• Exercise details: Restate word for word the lines below from the one that has "The science behind" through the one that has "The fourth layer", keeping both and dropping all pictures.

• Data records:
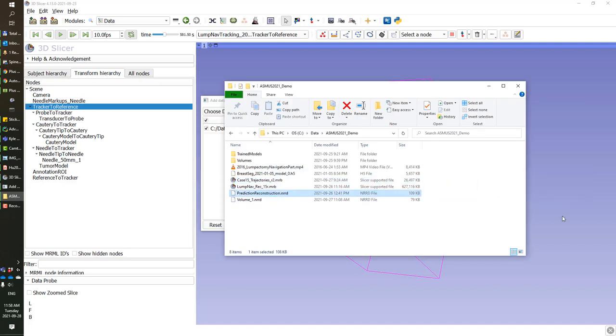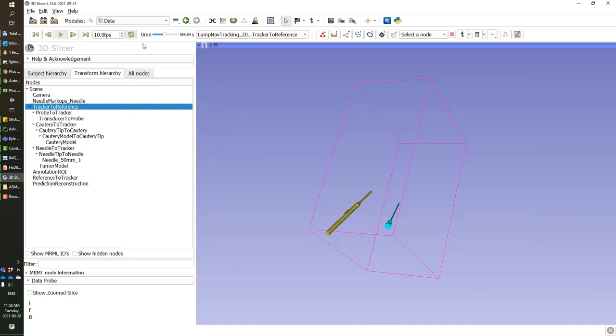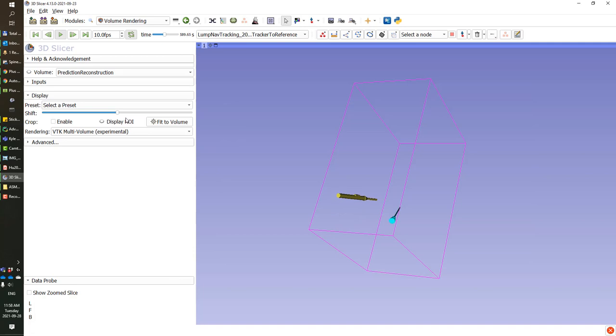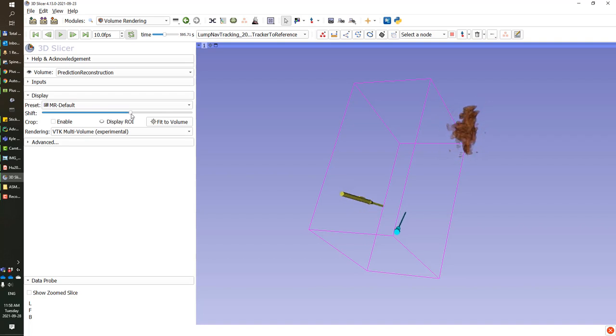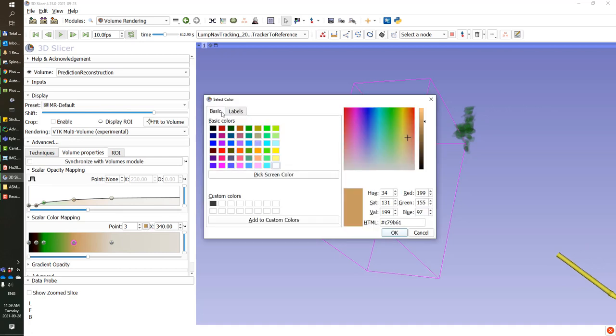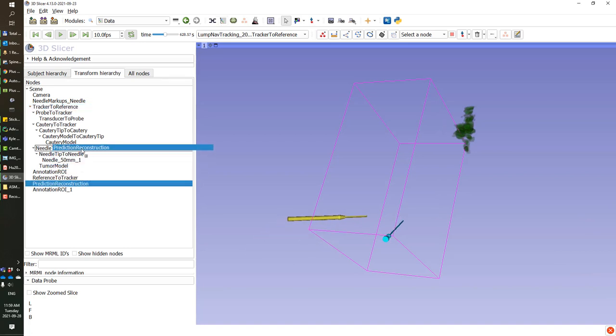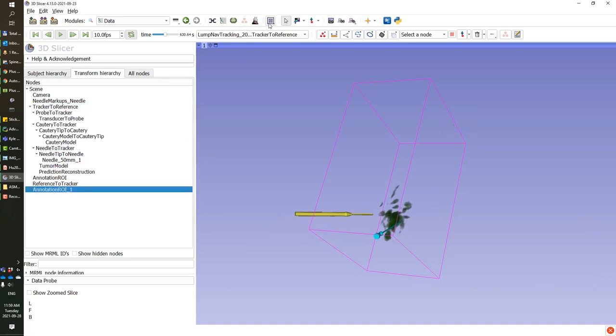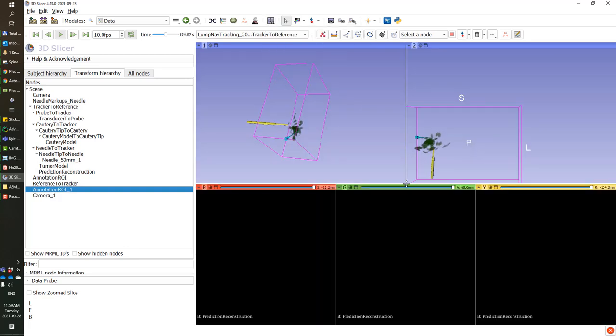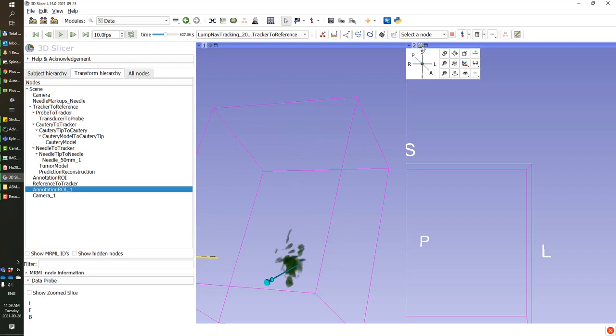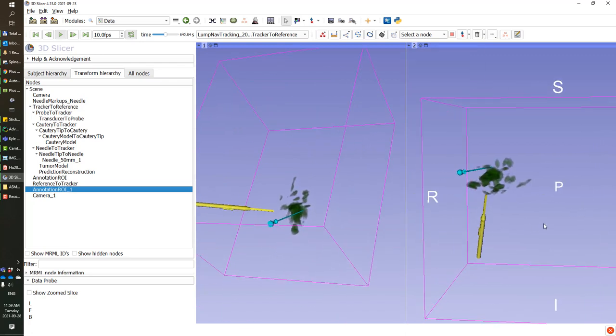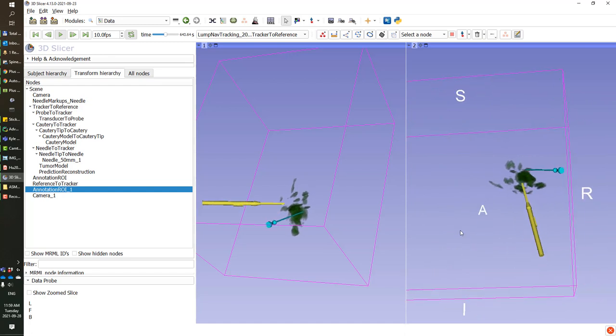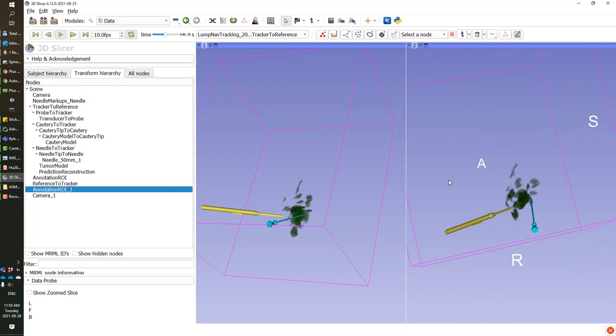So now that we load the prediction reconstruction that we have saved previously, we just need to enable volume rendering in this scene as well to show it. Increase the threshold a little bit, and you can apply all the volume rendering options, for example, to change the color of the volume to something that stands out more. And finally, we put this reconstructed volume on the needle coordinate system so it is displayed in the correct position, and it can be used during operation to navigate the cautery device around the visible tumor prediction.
==
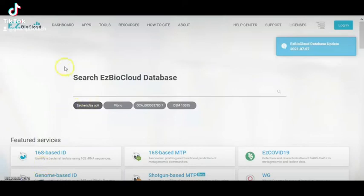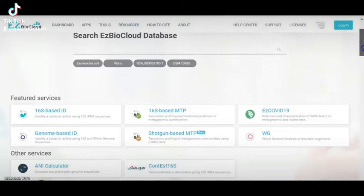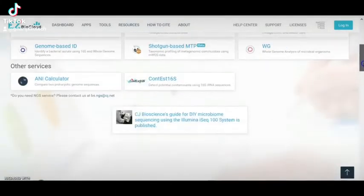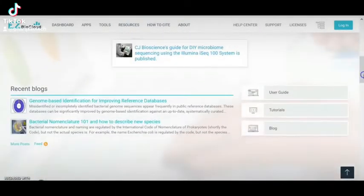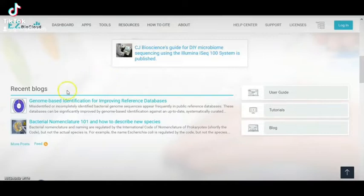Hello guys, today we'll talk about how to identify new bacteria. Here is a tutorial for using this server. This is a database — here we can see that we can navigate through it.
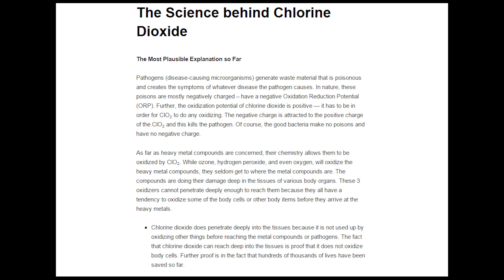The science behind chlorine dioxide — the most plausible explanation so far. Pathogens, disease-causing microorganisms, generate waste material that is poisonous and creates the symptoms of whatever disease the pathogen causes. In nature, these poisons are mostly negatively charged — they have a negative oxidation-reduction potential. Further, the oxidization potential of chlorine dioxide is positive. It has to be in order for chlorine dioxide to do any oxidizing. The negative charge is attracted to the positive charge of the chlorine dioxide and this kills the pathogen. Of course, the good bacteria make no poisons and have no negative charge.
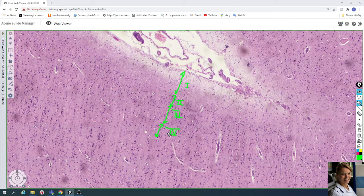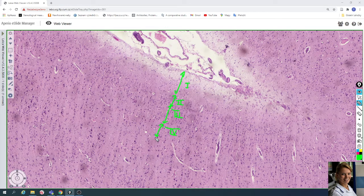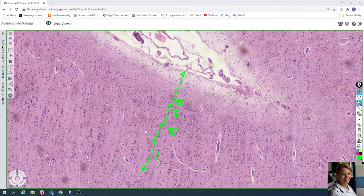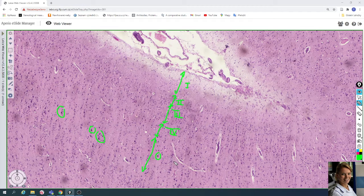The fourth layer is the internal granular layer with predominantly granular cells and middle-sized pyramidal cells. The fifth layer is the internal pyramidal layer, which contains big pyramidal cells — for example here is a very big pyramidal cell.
--
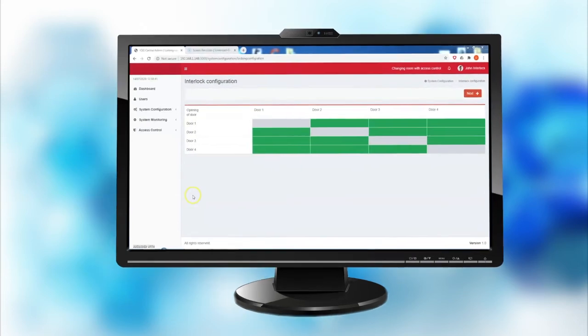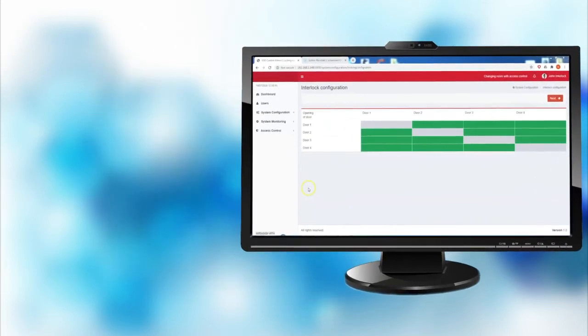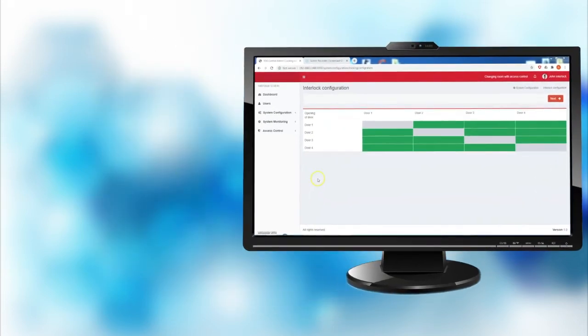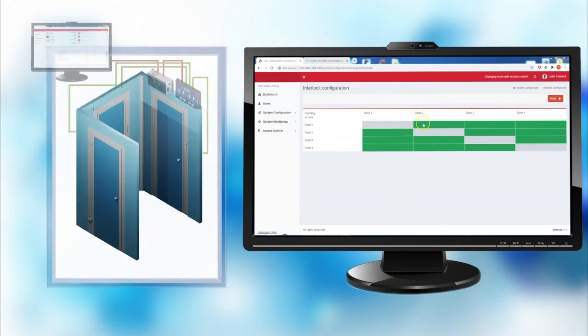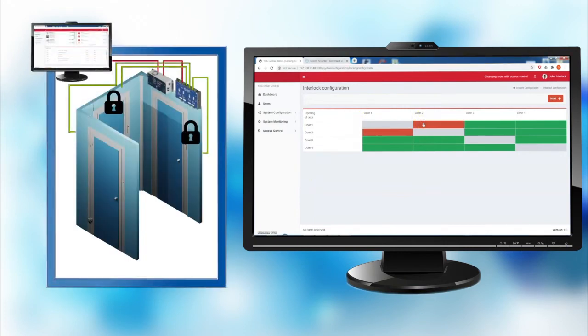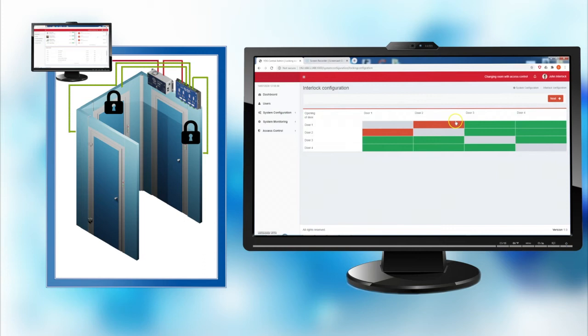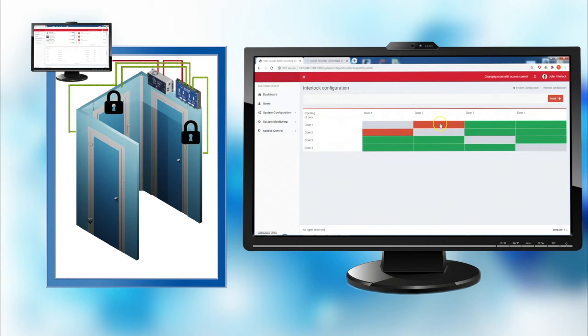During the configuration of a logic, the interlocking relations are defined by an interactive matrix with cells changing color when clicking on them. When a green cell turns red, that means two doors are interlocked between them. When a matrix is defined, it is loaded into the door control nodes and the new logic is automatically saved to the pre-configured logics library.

• Answer to this exercise:
The science behind chlorine dioxide — the most plausible explanation so far. Pathogens, disease-causing microorganisms, generate waste material that is poisonous and creates the symptoms of whatever disease the pathogen causes. In nature, these poisons are mostly negatively charged — they have a negative oxidation-reduction potential. Further, the oxidization potential of chlorine dioxide is positive. It has to be in order for chlorine dioxide to do any oxidizing. The negative charge is attracted to the positive charge of the chlorine dioxide and this kills the pathogen. Of course, the good bacteria make no poisons and have no negative charge.
The fourth layer is the internal granular layer with predominantly granular cells and middle-sized pyramidal cells. The fifth layer is the internal pyramidal layer, which contains big pyramidal cells — for example here is a very big pyramidal cell.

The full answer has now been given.